Everything else is honest instrumentation: canvas-2D strip charts on a 0.3 s cadence with a 220-sample ring buffer; a mean-reverting random-walk model with a flare envelope (fast rise, exponential decay) shared by the shader, the X-ray chart, the readouts and the observation log; CSS-only forecast bars; an SVG reticle. Pressing the disc injects an M-class test flare — the shader surges, the chart spikes, and the log quietly notes "this one was you." If WebGL is unavailable the stage swaps to a layered radial-gradient sun and the page carries on.

05Iteration log

Pass 1 — Craft

  • First render of the disc was blown-out white with heavy black blotches — closer to mould than plasma. Re-weighted the heat field, moved the white-gold stop to the top 24% of the ramp, deepened limb darkening and cut sunspot coverage roughly in half.
  • Granulation showed rectilinear value-noise grid artefacts at high frequency. Replaced the single sample with two ridged layers at 24× and 47× on swizzled axes; the grid disappears.
  • The temperature band was set at 9vw with nowrap and clipped past ~800 px viewports; resized to 5vw so both lines clear 1280 px with padding intact.
  • Chart footer claimed "1-min cadence" while the window is 66 s at 0.3 s per sample — corrected the caption to match the actual instrument.

Pass 2 — Depth

  • Enriched the signature: dual-layer granulation, star-field twinkle keyed per star, corona loops term, and simulation time that runs 1.6× during a flare so the surface visibly seethes harder.
  • Second-read details: the reticle carries the Sun's true limb diameter; the Carrington rotation number is computed from today's real Julian date; every ~90 s the feed status blinks through station housekeeping ("STAR TRACKER LOCKED…").
  • Micro-interaction: metric labels warm to gold on hover; pressing the disc injects a test flare that propagates through shader, readouts, chart and log.
  • Motion timing: reveals use a single crafted cubic-bezier(.2,.7,.2,1); new log rows slide in with a brief flare-orange wash.

Pass 3 — Hardening

  • Caught a genuine cascade bug in the browser: .panel's position:relative silently overrode .hud's position:absolute, dropping both HUD panels out of their orbit around the sun.

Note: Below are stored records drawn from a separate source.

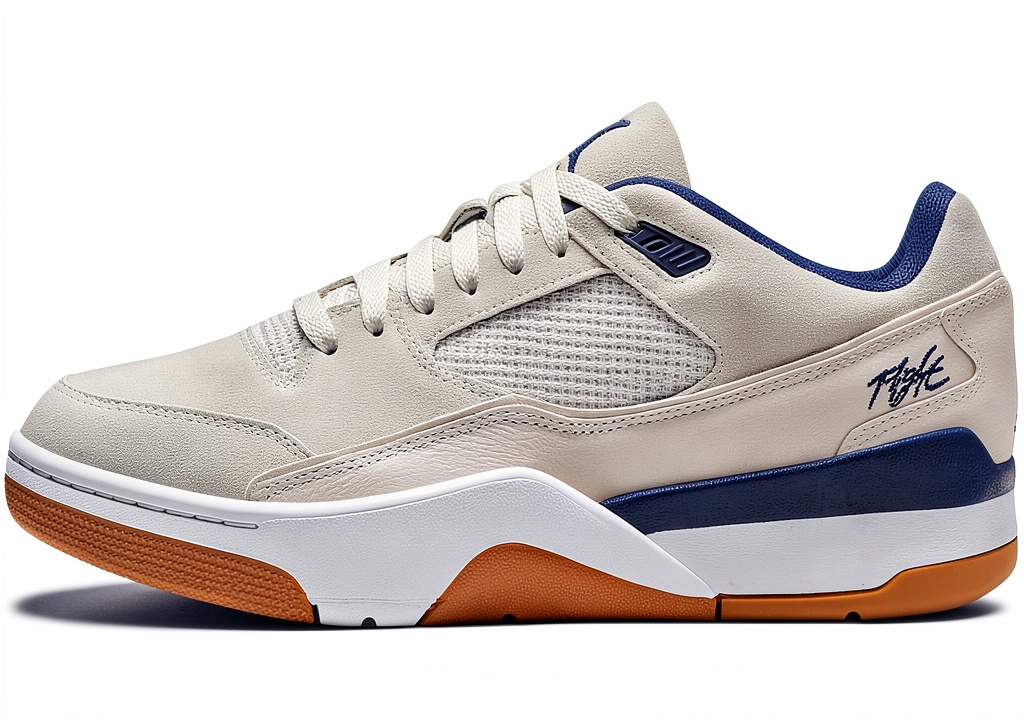 Nike mens sneakers showcasing leather, suede, and textile materials in a lifestyle setting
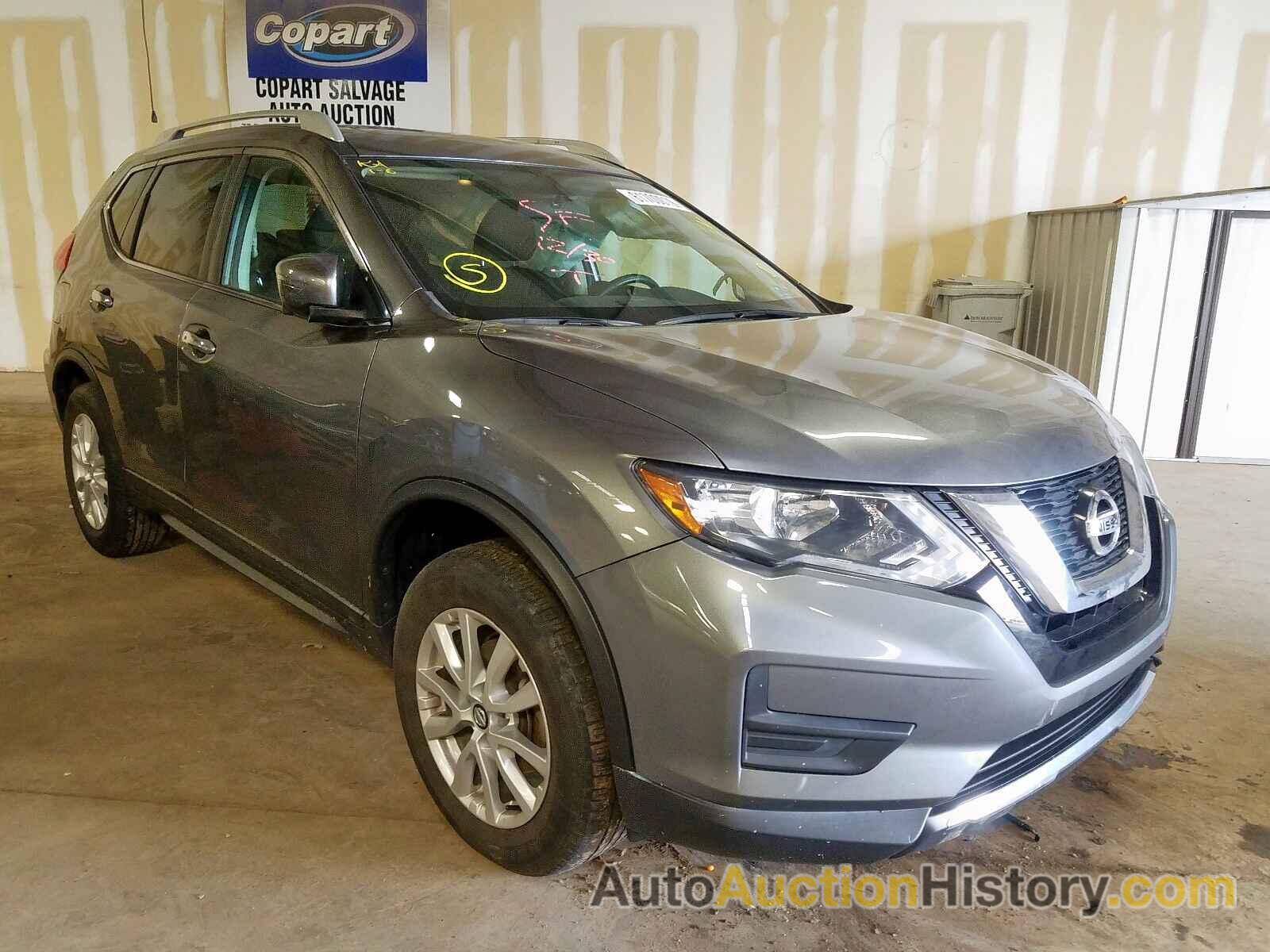 2017 NISSAN ROGUE SV SV, 5N1AT2MV4HC772746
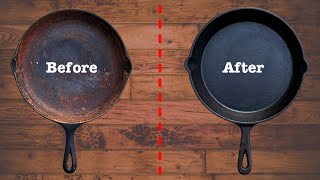 A Simple Guide to Using and Caring For Cast Iron Skillets [upl. by Christabella]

Fixed with a more specific .hero .hud selector, measured the DOM after.
  • Short-desktop collision: at 800 px tall the HUD panels overlapped the headline, and the headline itself was wrapping to four lines inside its 520 px column. Panels now sit at 43% on viewports under 840 px tall; the display size was re-derived from measured text width (canvas measureText) so both lines clear the column. Mobile moves title and panels into normal flow under a 62svh stage (with vh fallbacks for older Safari).
  • Reduced motion: no rAF loop at all — one still frame of the star, prefilled charts, static readouts; CSS kills pulse, reveals and row animations.
  • Performance: DPR capped at 2 and the sun buffer capped at 1600 px wide; rendering pauses when the tab hides or the hero scrolls away; resize is debounced.
  • Chanel rule: deleted the reticle's 300-second rotation — imperceptible ornament costing a composited layer — plus an unused utility class and dead transition.
  • Verified the extracted script parses clean in Node, the shader compiles (checked via a pixel-for-pixel software port rendered to PNG), and the only external requests are the two Google Fonts.